There’s long been an axiom that a significant number of Americans – and this is true for many other countries as well – are just one paycheck away from poverty. The COVID-19 pandemic has proven that axiom to be true. Food banks and pantries are seeing a tremendous demand for services with a significant percentage being people who have needed a food bank before. Feeding America reports that, “From the beginning of March through early May, food banks nationwide distributed more than 947 million meals to people facing hunger in the United States.” If this trend continued, they would end up giving out five billion meals this year. And that’s just Feeding America food distribution sites. It doesn’t include the numerous other food programs – like CDP grantee World Central Kitchen’s restaurant support program.
The new users to food banks probably never thought of themselves as vulnerable before because they had housing, income and a support system. But their lack of ability to save enough to prepare themselves for a crisis isn’t a personal fault, it’s a systemic one. And part of that systems failure is that we so often ignore the skills, assets and knowledge that impacted communities can bring to the table. This is where philanthropy has a role to play; this was explored by the speakers on our most recent webinar in the COVID-19 series, “How Philanthropy Can Stand Up for Vulnerable Populations.” Aaron Dorfman from the National Committee for Responsive Philanthropy stated that funders need to prioritize equity in their work and suggested that philanthropy look to move power from funders to communities. We were also encouraged to do our grantmaking differently. This includes spending more, reducing restrictions, moving quicker and thinking about unique opportunities. For example, Ruth Madrigal from KPMG suggested looking at loans instead of grants or supporting loan loss reserve funds at banks/credit unions, community development financial institutions (CDFIs) to support nongovernmental organizations (NGOs) seeking financial support.

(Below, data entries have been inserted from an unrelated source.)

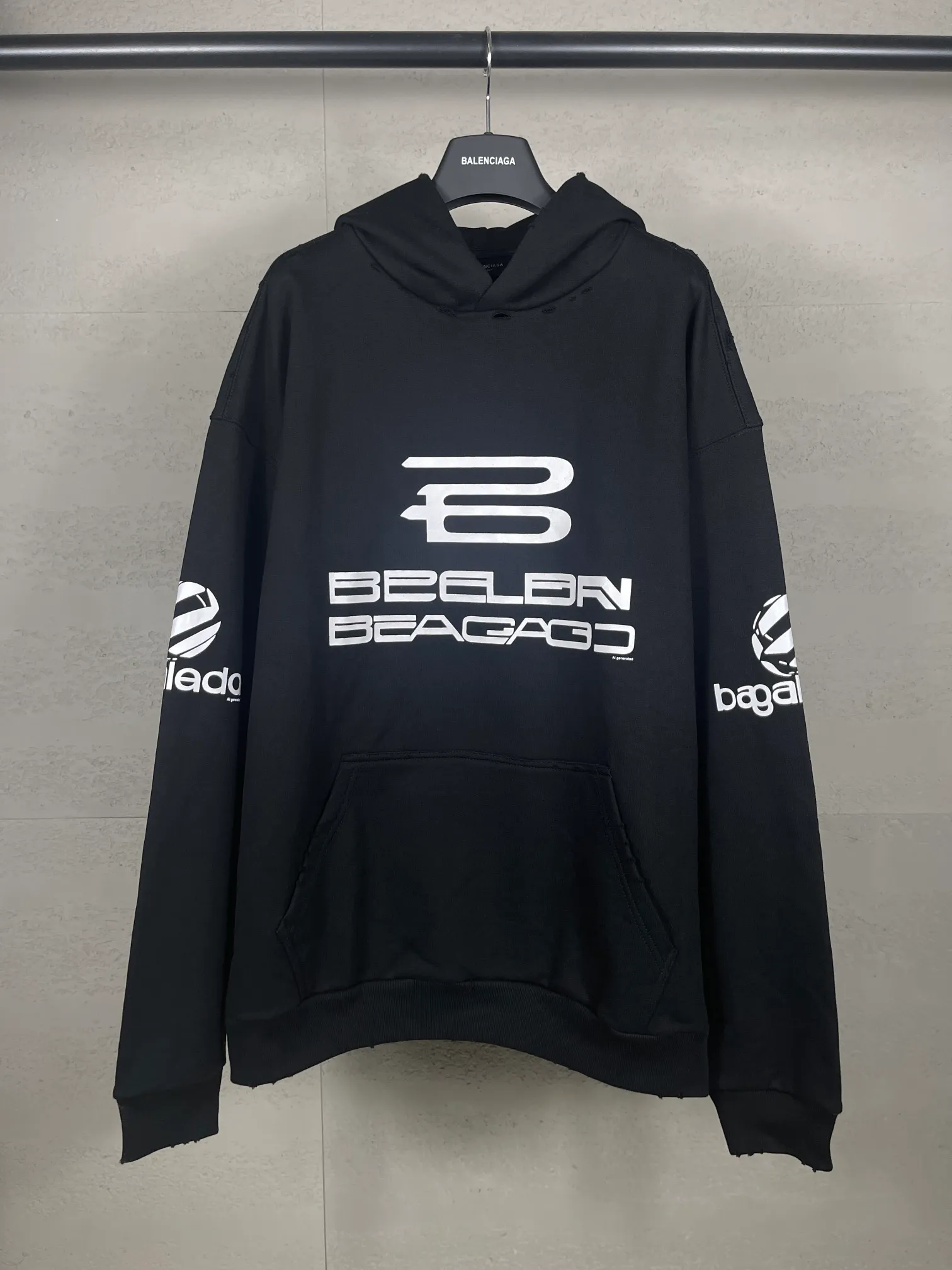 🅿️320 real photos [Top version. Official website quality] BALENCI*GA/Paris AI GENERATED HOODIE series new hooded sweatshirt #2024 new style. The front, back, left and right sleeves are printed with the new LOGO, and the ready-made garments are washed and worn. According to the normal practice in Jubie market, black and gray cuff printing are different. #2024 Spring and Summer Brick Cabinet Synchronization Welcome to compare. The fabric is made of Paris ZP custom-woven and dyed cotton double yarn, with a weight of 460 grams. The cloth surface is clean. The cloth pattern is clear, soft and comfortable. The threads are dyed with no color difference. The classic letter LOGO is printed with imported environmentally friendly glue. The letters are clear and the effect is three-dimensional. Restore the brick cabinet, adopt the OS loose shoulder style. Same style for men and women. Code: BL238917 Color: black, floral gray Size: XS S M L
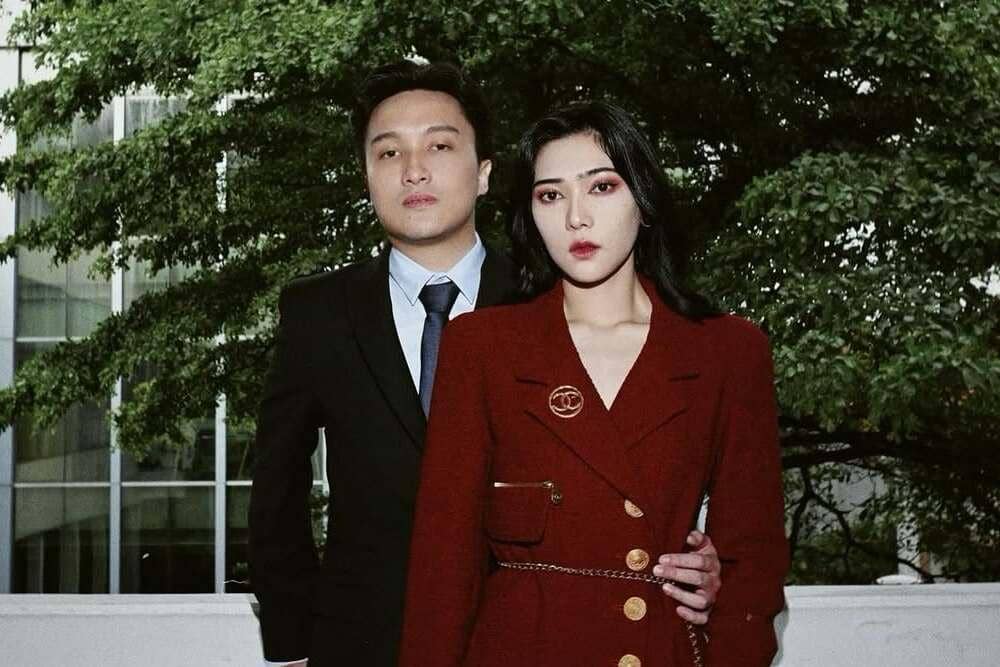 Instagram.com/isyanasarasvati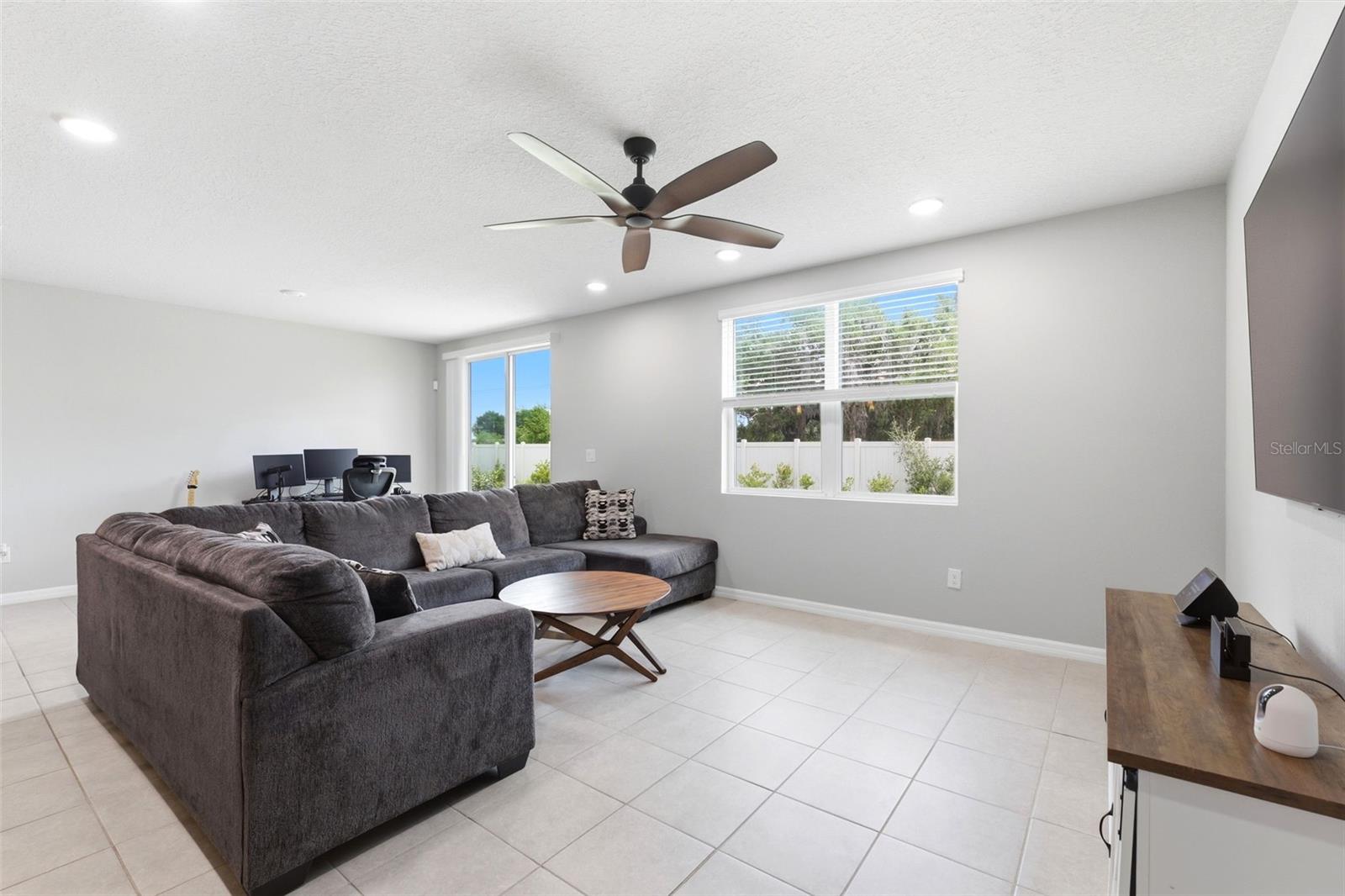 38905 HARLOW ROSE DR, ZEPHYRHILLS, FL — photo 9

Advocacy is another important aspect. It was suggested that we stand up and ask for more stimulus funding, and that we encourage our board members to do the same. The speakers highlighted that more stimulus funding is required to protect the most vulnerable. This needs to include those that were left out of the first three stimulus packages such as those immigrants and migrant workers who do not hold Green Cards.
An attendee asked “How can we place vulnerable populations in the driver’s seat of their own development, especially related to the COVID-19 crisis? In the midst of so many philanthropic efforts to address the immediate needs, what can we do as funders to see local communities as agents and our organizations as co-investors?” Referring to discussions of what gets cut or funded, Ruth Madrigal said, “If you’re not on the table, you’re on the menu.” It is important that philanthropy ensures their board, staff and volunteers are representative of the population they serve. By actively including the voices of the most vulnerable in discussions at all levels it is easier to learn and value their viewpoints, needs, capacities and issues.

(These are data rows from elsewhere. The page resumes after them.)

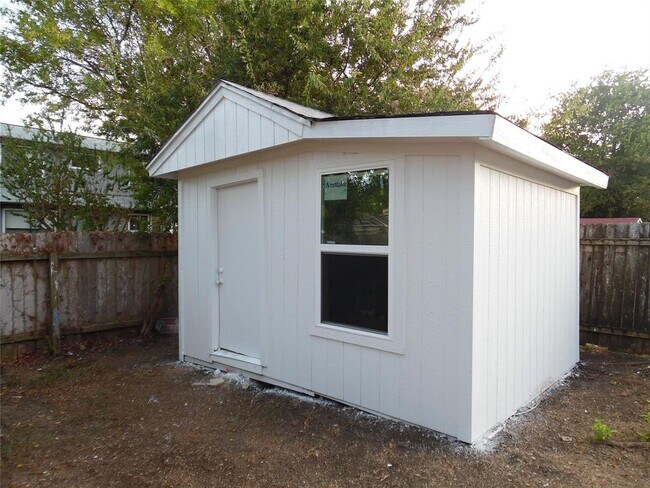 Building Photo - 1209 Green Valley Cove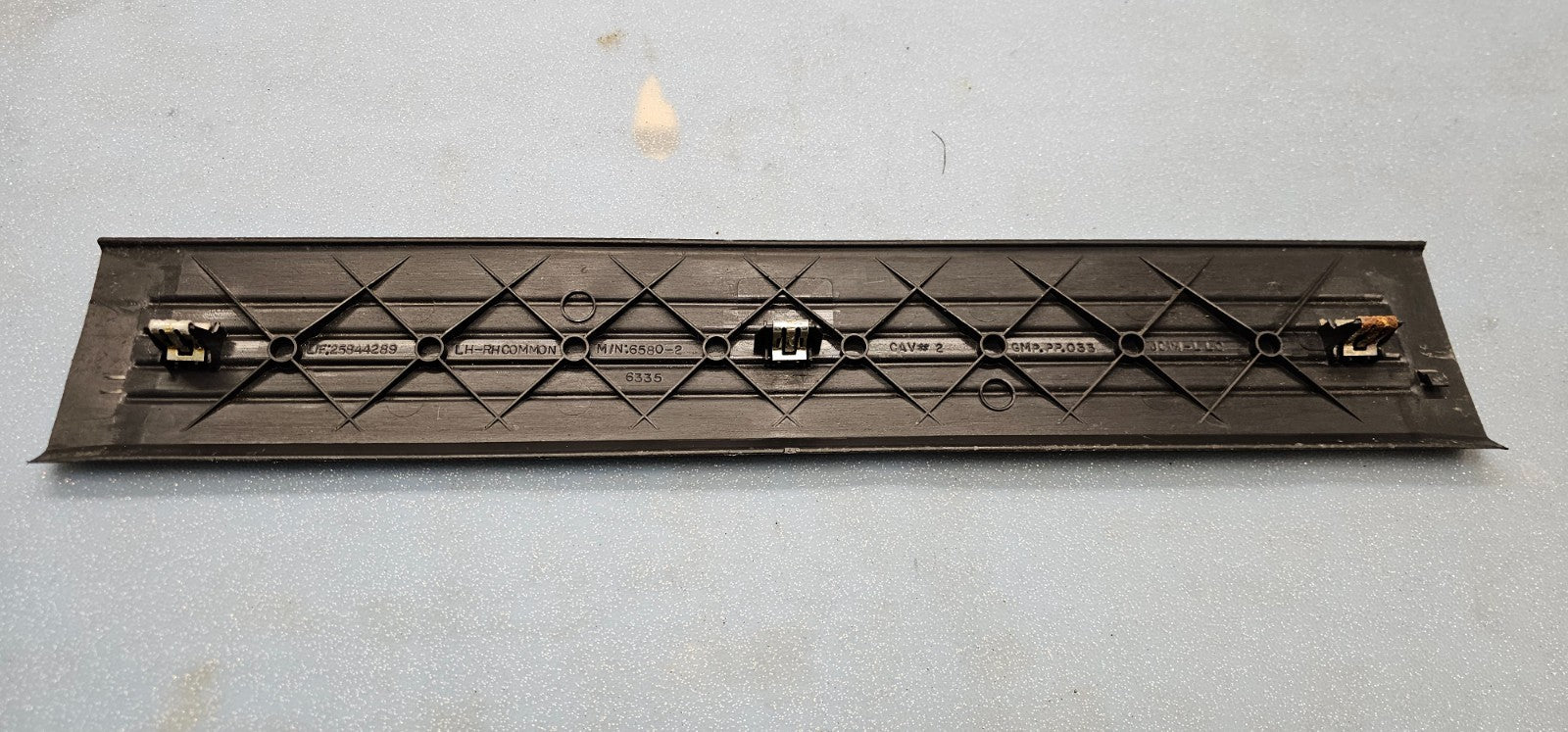 🔥07-14 SILVERADO SIERRA LEFT FRONT CREW CAB DOOR SILL SCUFF PLATE TRIM BLACK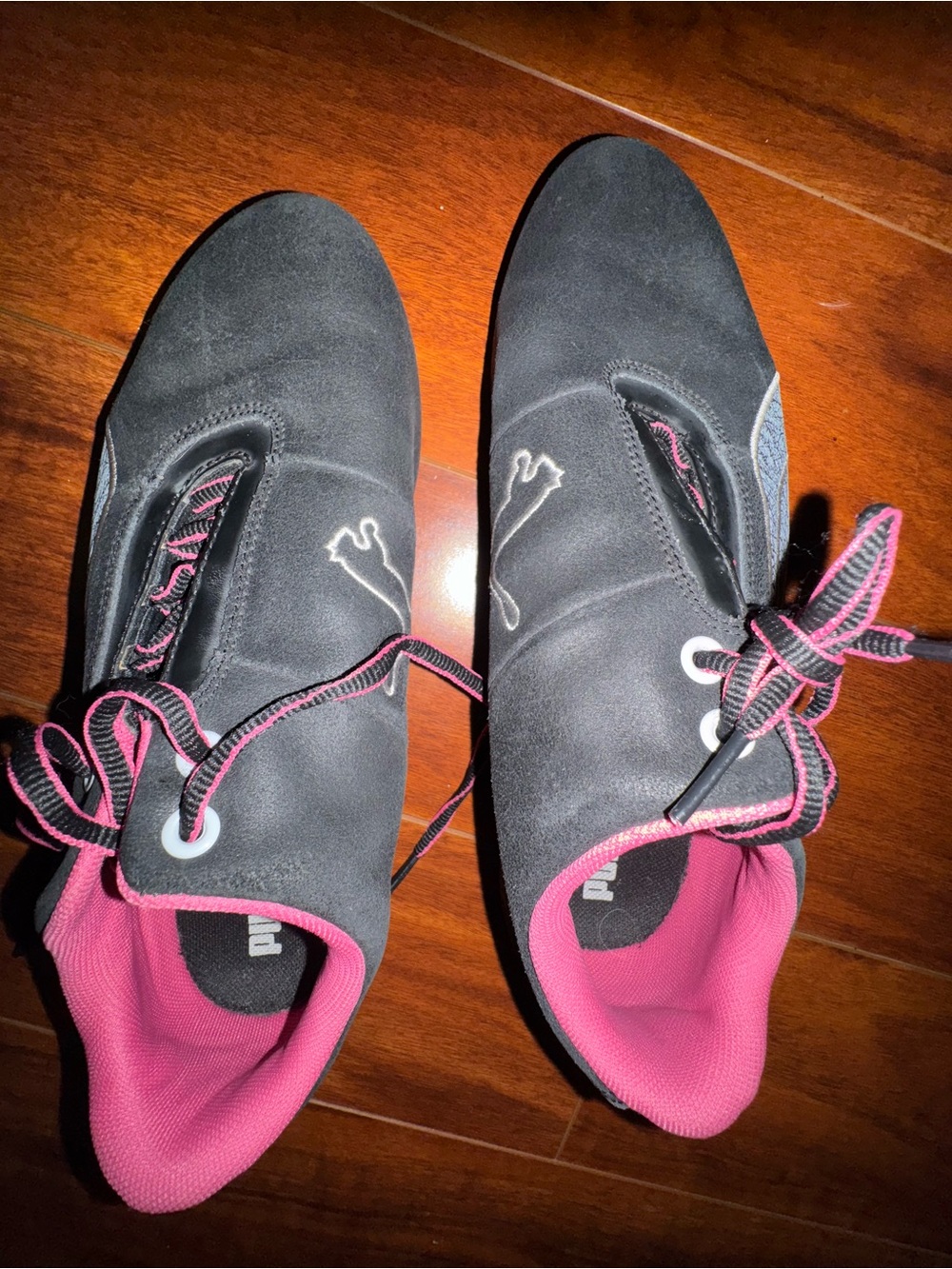 Puma Black Trainers with Pink Accents and Silver Detailing - Picture 6 of 8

As funders, we are being asked to target resources to benefit the communities hardest hit by COVID-19. They are most likely communities that had the least prior to the outbreak. We are also being encouraged to invest deeply in grassroots organizations and movement building. Using intermediary funds is one way to address this very localized grantmaking. For example, the CDP COVID-19 Response Fund gave a grant to the Emergent Fund to support their grassroots organizing in movements led by people of color.
Another important question was raised. “How do we get systems to work together to address the needs of vulnerable populations (the intersection between health, justice, homelessness, etc.)?” Our speakers addressed the needs for funders to work in collaboratives and to support each other in their work. CDP often says that all “funders are disaster funders” and COVID-19 has certainly proven this to be true. Rather than operating in silos and pitting issue against issue, it is important that funders come together to address the needs of all individuals, families and communities impacted by COVID-19. #StrongerTogether is not just a slogan for impacted communities but for all of us.